Invitation
This page is a companion to our recent editorial in which we invite readers to suggest a case study illustrating “a problem in medical science that can be usefully solved by propensity scores, but not by other methods” (Stevens & Oke, 2022; Colorectal Disease Volume 24, in press) .   

For context, consider our role as statistics teachers in evidence based medicine.  Our students are health professionals: anaesthetists, dentists, general practitioners, haematologists, internists, midwives, nurses, psychiatrists, radiologists, surgeons, veterinarians, etc.
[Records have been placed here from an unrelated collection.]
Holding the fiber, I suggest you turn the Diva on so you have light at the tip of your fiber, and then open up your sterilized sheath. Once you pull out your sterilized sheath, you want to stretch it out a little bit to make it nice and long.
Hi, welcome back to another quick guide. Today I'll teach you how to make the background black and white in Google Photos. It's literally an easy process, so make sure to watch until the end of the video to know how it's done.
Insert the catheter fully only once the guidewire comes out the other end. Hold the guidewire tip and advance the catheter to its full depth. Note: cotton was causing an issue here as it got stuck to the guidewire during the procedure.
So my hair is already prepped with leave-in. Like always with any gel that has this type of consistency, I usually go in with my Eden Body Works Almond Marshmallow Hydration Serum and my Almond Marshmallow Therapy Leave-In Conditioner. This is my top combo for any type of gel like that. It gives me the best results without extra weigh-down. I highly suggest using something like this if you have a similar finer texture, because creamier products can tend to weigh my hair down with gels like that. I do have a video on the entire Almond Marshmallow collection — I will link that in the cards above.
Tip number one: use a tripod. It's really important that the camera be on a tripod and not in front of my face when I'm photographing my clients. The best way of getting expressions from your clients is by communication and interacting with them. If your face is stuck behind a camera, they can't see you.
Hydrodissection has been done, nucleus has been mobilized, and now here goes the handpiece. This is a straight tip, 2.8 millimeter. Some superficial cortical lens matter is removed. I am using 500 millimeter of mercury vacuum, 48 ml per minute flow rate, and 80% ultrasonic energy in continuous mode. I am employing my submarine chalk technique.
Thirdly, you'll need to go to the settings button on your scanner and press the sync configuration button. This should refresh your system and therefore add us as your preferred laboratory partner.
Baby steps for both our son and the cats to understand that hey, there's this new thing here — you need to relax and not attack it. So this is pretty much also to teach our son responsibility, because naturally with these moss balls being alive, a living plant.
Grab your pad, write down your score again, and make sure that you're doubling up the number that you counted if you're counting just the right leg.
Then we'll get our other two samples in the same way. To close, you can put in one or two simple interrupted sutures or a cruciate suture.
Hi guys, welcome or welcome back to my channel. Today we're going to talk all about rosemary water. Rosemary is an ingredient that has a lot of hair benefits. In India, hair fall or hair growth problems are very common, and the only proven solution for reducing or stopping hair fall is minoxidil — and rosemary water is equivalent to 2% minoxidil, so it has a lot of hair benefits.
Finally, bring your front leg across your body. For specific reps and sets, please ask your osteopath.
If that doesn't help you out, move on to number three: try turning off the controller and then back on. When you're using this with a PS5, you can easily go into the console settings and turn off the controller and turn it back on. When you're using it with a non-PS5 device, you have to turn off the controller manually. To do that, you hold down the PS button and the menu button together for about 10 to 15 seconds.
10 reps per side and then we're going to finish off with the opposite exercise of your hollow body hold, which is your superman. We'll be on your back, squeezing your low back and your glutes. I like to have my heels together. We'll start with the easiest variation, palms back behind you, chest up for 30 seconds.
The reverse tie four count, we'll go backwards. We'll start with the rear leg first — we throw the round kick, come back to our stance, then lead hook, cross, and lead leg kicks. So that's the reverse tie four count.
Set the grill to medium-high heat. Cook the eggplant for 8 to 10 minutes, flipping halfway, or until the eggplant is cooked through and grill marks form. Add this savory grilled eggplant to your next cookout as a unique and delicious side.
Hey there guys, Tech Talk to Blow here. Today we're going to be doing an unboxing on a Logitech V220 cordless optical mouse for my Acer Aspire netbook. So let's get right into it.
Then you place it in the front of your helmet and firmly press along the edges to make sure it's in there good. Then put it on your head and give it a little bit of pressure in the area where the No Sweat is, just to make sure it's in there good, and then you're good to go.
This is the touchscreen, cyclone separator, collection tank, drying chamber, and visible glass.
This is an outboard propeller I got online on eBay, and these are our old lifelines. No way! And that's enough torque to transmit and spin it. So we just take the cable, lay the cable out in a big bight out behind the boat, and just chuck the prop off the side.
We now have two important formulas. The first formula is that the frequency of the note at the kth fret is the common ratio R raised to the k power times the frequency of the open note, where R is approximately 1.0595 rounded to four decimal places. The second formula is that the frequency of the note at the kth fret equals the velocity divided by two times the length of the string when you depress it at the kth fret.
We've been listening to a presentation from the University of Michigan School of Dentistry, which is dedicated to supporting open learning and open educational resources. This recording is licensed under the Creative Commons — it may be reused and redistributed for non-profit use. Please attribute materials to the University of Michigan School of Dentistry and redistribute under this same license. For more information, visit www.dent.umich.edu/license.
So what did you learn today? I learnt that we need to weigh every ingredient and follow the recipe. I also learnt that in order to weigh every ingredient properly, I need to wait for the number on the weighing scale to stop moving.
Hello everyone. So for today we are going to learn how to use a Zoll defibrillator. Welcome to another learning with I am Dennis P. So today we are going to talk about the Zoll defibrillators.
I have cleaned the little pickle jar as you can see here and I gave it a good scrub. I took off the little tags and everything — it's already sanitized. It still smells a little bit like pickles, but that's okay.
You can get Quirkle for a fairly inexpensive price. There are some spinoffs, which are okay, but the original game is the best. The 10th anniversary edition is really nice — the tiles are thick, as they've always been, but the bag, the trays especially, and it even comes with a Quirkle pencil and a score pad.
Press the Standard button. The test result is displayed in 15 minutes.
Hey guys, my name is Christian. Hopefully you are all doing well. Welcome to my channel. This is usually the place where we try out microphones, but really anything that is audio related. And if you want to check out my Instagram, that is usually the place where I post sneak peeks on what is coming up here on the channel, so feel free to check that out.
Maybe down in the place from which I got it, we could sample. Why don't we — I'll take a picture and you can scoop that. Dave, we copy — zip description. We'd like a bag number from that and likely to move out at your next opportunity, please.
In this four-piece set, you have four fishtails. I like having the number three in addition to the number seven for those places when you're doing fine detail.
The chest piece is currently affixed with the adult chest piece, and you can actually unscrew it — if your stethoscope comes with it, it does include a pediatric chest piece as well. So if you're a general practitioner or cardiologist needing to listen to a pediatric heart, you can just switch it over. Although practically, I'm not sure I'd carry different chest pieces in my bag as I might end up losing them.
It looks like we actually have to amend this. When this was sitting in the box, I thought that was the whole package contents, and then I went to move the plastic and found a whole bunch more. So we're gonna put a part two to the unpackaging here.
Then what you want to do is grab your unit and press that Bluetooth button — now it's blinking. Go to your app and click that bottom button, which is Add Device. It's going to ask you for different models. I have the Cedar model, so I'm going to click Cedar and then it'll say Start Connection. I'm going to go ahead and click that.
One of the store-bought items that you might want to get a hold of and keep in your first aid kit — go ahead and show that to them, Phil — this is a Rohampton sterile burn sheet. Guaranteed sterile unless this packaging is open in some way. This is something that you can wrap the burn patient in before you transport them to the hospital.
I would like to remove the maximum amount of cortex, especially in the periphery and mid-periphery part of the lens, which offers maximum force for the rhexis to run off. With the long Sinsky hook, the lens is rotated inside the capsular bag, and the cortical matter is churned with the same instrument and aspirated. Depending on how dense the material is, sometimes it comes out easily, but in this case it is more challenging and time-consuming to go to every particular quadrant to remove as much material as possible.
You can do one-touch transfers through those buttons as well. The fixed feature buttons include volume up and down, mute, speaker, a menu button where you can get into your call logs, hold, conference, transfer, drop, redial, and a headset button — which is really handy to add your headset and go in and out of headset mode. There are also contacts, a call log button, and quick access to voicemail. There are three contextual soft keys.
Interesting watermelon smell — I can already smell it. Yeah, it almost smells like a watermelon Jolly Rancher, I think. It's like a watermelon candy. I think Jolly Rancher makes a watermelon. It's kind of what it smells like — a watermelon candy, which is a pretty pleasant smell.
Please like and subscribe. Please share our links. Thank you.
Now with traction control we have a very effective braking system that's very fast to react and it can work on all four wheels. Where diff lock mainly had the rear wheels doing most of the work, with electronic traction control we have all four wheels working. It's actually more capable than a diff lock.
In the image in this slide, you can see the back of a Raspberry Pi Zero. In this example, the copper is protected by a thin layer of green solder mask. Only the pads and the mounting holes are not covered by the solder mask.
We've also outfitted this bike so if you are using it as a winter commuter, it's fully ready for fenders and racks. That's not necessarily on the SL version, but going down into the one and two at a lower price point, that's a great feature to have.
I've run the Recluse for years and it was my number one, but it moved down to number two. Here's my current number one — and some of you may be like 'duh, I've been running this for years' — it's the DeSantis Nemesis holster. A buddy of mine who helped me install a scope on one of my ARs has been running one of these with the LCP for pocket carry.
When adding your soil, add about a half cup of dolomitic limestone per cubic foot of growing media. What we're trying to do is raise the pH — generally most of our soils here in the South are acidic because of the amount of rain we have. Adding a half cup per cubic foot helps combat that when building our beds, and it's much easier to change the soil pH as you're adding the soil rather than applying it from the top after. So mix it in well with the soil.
When we teach propensity scores, we can expect to be asked, “what are the advantages of this over other methods taught on the course?”  We would like to be able to give a good example. 

We think answers about marginal vs. conditional effect measures are unlikely to persuade students on our evidence based health care programme.  There is no consensus in evidence based medicine to prefer either marginal or conditional odds ratios: on the contrary, we prefer the absolute risk difference, and this happens to be a collapsible measure (that is, there is no difference between the marginal and the conditional risk difference). 

This and other requirements were stated in our article:

Entrants should be careful that their proposed case study is not a comparison of one propensity score method to another; nor a comparison restricted to limited competing methods (e.g. propensity score matching compared to multivariate adjustment); nor an argument based on marginal vs. conditional odds ratios, unless you can first persuade us that the distinction matters.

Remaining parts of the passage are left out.